4 Benefits of Massage Following Surgery
- Anesthesia – Following surgery for cancer, massage makes recovering from anesthesia easier.
- Lymphedema – Cancer surgery that involves the removal of lymph nodes may cause lymphedema, or a buildup of fluids in the tissues that leads to swelling. Specific lymphatic drainage massage techniques, given by a highly-trained therapist, will reduce swelling for the patient.
- Scarring – Massage is effective at improving mobility and decreasing the appearance and adhesions that are part of surgical scars.
- Joint Mobility – Oncology massage therapists may implement soft tissue manipulation techniques and join movements to help improved range of motion or support easier adaptation to implants and expanders.
Oncology massage has wide reaching benefits to cancer patients. In order to provide the best possible care, massage therapists should follow these considerations.
- Ask for a doctor’s note. This not required, but it is best to have a doctor’s formal recommendation for oncology massage if possible. A recommendation for massage has many benefits. In particular, the note opens up a conversation between the doctor, patient and therapist, and overall improves the coordination and the quality of the patient’s care.
- Cancer is different for everybody. Develop an understanding of the type of cancer your client is living with – including the side effects, contraindications, and modifications necessary when giving massage.

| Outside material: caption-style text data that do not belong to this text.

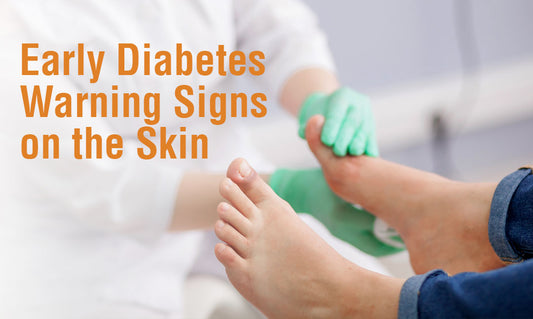 Early Diabetes Warning Signs on the Skin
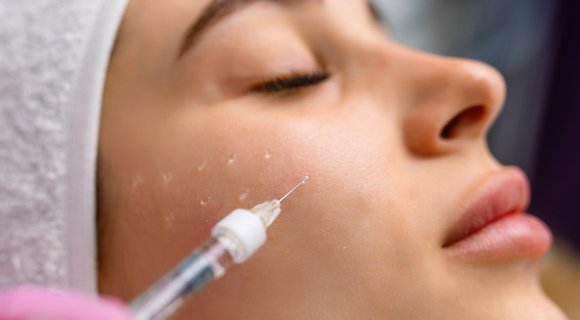 Mésothérapie du visage réalisée au centre Dermolaser à Toulouse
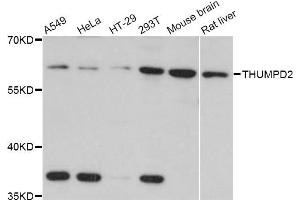 Western blot analysis of extracts of various cell lines, using THUMPD2 Antibody (ABIN4905417) at 1:3000 dilution. (THUMPD2 anticorps)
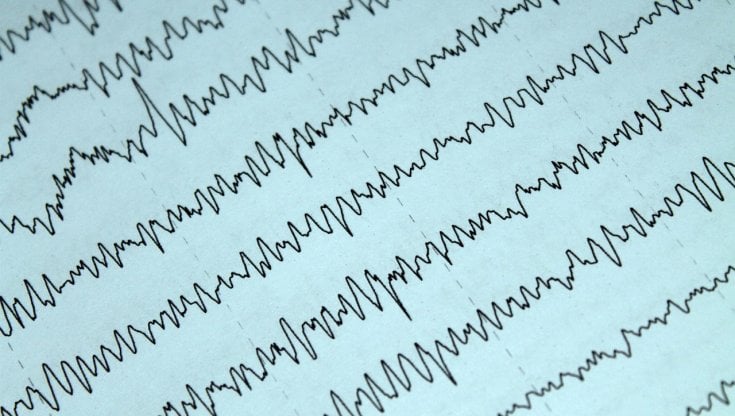 Coma e ictus, l’Ai prevede le possibilità di recupero dei pazienti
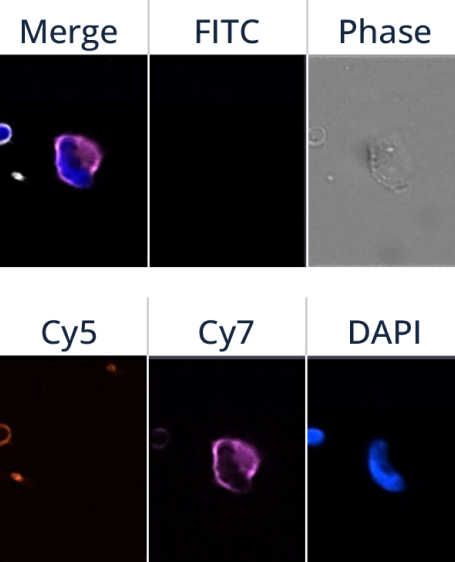Epithelial and Mesenchymal CTC Detection in Triple Negative Breast Cancer Patients using ANGLE’s Parsortix® System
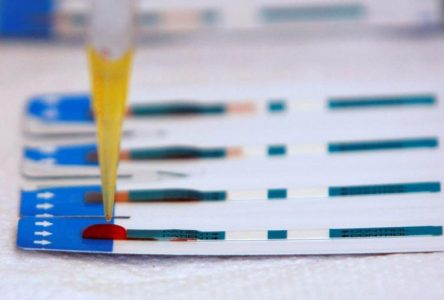 VIH: fin le mois prochain du financement fédéral des tests à domicile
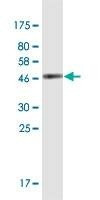 Anti-SPANXN3 Antibody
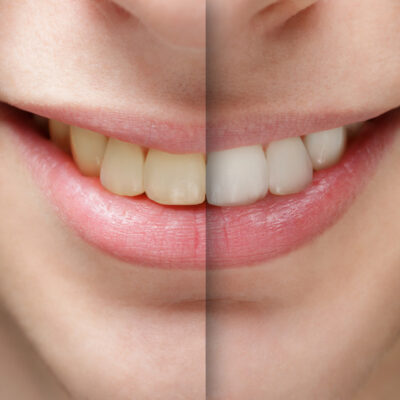 young man smile before and after teeth whitening, close up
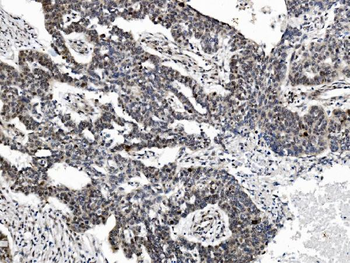 Anti-PRDM14 Antibody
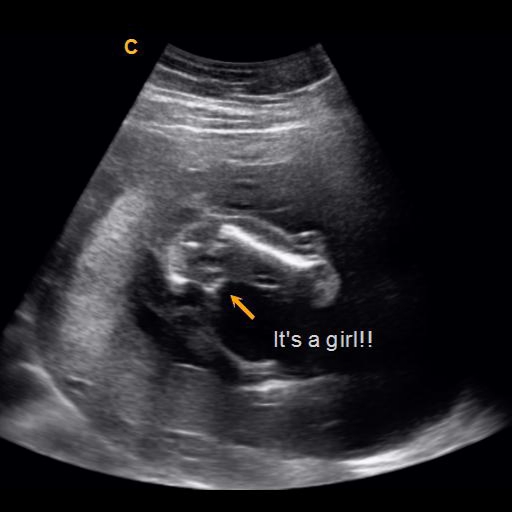 Early Gender Girls 14 Weeks 3d 4d 5d Hd Ultrasound Michigan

- Complete a well-rounded, thorough intake that educates you about your client and their specific needs and wants. This may include input from their doctor in some cases.
- All of the above will influence your speed, duration and level of pressure. Be prepared to change and modify your session due to the ever-changing nature of the cancer experience.
Oncology massage is an evidence-based treatment modality for coping with the side effects of cancer. Highly-trained massage therapists are able to meet the needs of cancer patients and support them in their cancer journey. Today’s research supports the use of massage for confronting the pain and suffering that often accompanies a cancer diagnosis.